Darin: There’s so much here. How would you start to unpack some of those things and allowing to cultivate that balance that I think everyone can understand in this day and age, the need to contribute, the need to have a purpose? And at the same time, surrendering to the Dow, almost the primordial river of the universe and allowing that to occur. Does that make sense?
Dandapani: I’ll simplify the question in my mind. I always think that there are four steps when it comes to spirituality.
Dandapani: Step one is philosophy. We have to gain absolute clarity on what our philosophy is. Our philosophy defines the goal, the goal defines the path, the path defines the lifestyle. I’ll give you a very simple example. Now Christianity is a huge religion with many denominations. If you take somebody from one denomination and they subscribe to Christian philosophy, and you ask them, what is the goal? A person may be heard to say, oh, my goal is to enter the kingdom of heaven and serve Jesus Christ, my Lord, and Savior. So I need to go to heaven, and so Christ my Lord and Savior, that’s the goal. Now you have that clear goal, it’s external because heaven is somewhere up there. It’s where they typically point to in the sky. Then what’s the path to get there? And what is the lifestyle I need to live in order to stay on the path to get to that goal? Now, if you ask the Hindu like myself, the philosophy I subscribe to defines the goal as experiencing divinity inside of me. Divinity is pure energy that exists in everything, including me and you. My goal is to go inward and experience divinity inside of me. That’s the goal. Now, that goal defines a path. That path defines a lifestyle. So I always feel when it comes to spirituality, it’s always good to reverse engineer. Everybody works forward. Working backward allows so much more clarity of how then do I structure my life, my lifestyle, then is it part service, what practices I do? The lifestyle I live needs to keep me on the path that gets me to my clearly defined goal. But if you don’t have a clearly defined goal in your spiritual life, then it becomes a mishmash of everything. It’s like, wow, this sounds great, and that sounds really good, I’ll do a little ayahuasca, and I will do a little of this, I’ll do meditation, I’ll do some headspace, I’ll do a yoga, maybe paddleboard yoga, you know, why not? All of these things are helping me. Do you work out?
Darin: All the time.
Dandapani: So would you recommend to me to just go out there and start munching on carrots and broccoli because that’s going to get me a healthy body and healthy lifestyle? Or would you rather me be able to look at my body, see what my body needs, kind of come up with a plan and a structure, and approach it that way? I would imagine it would be the latter, right?
Darin: For sure.
Dandapani: The same way with spirituality, people come up to me all the time. It’s like, oh, should I do this breathing exercise? Should I do Kundalini Yoga? Should I do this? Should I smoke that? I’m like, what? Well, where the hell do you want to go? What do you want in life? You tell me where you want to go, and then I might be able to share what will help you get there?

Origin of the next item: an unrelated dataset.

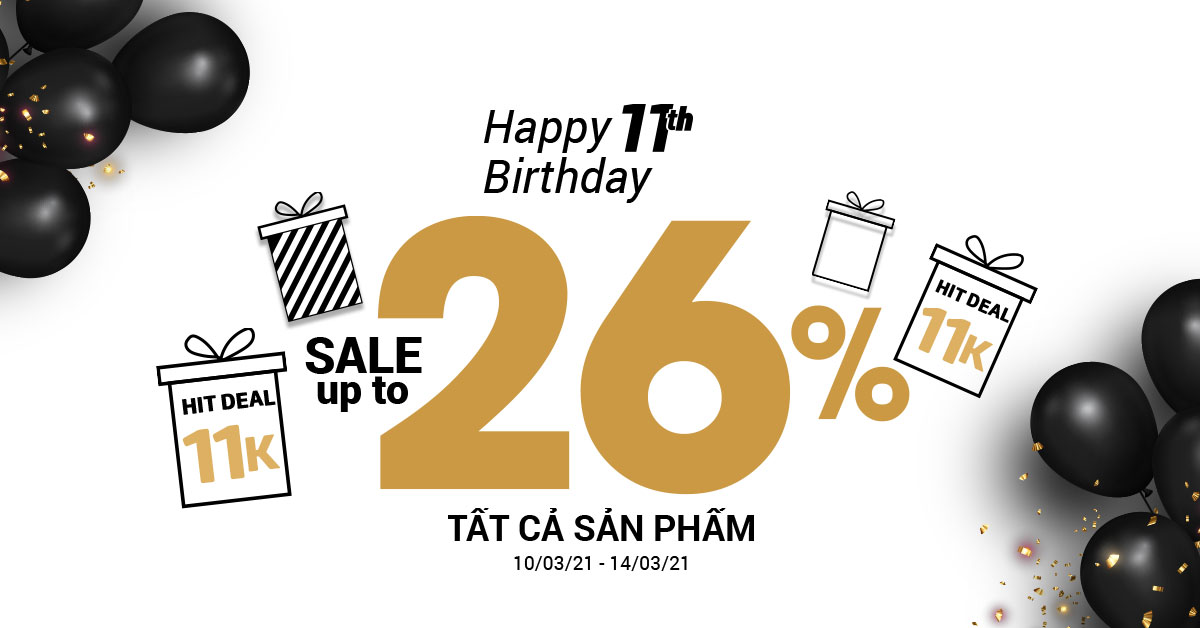 HAPPY 11TH BIRTHDAY - TRI ÂN ĐẾN 26%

Darin: I would imagine like, you can definitely define the religious sector. And then within that, this is my religion, this is my belief. And then within that, it’s absolutely, of course, individualized because the interpretation of all of that, as we can see around the world, the interpretation of that is clearly defined differently for virtually everyone in the world. So if I’m listening to this, and I’m saying, okay, well, where do I even start to understand what it is that I’m actually doing or where do I really want to go in my life, how then would I start there to even unpack the deeper questions or the deeper answers to then go, okay, I actually believe in nature. I believe in the universe. I believe that all things are connected. I believe in a certain level of this. But also, from your unpacking of it, that’s also very big. And if I look at it as if I want to unpack that and also be clear on it, that isn’t that clear. It’s just–
Dandapani: No, it’s not.
Darin: -philosophical, big, broad strokes that doesn’t allow me or anyone listening to be able to go, okay, well, this is what I believe in. And now, what is my plan? And I think I kind of fall in that too. I mean, I was growing up Christian and all of that stuff.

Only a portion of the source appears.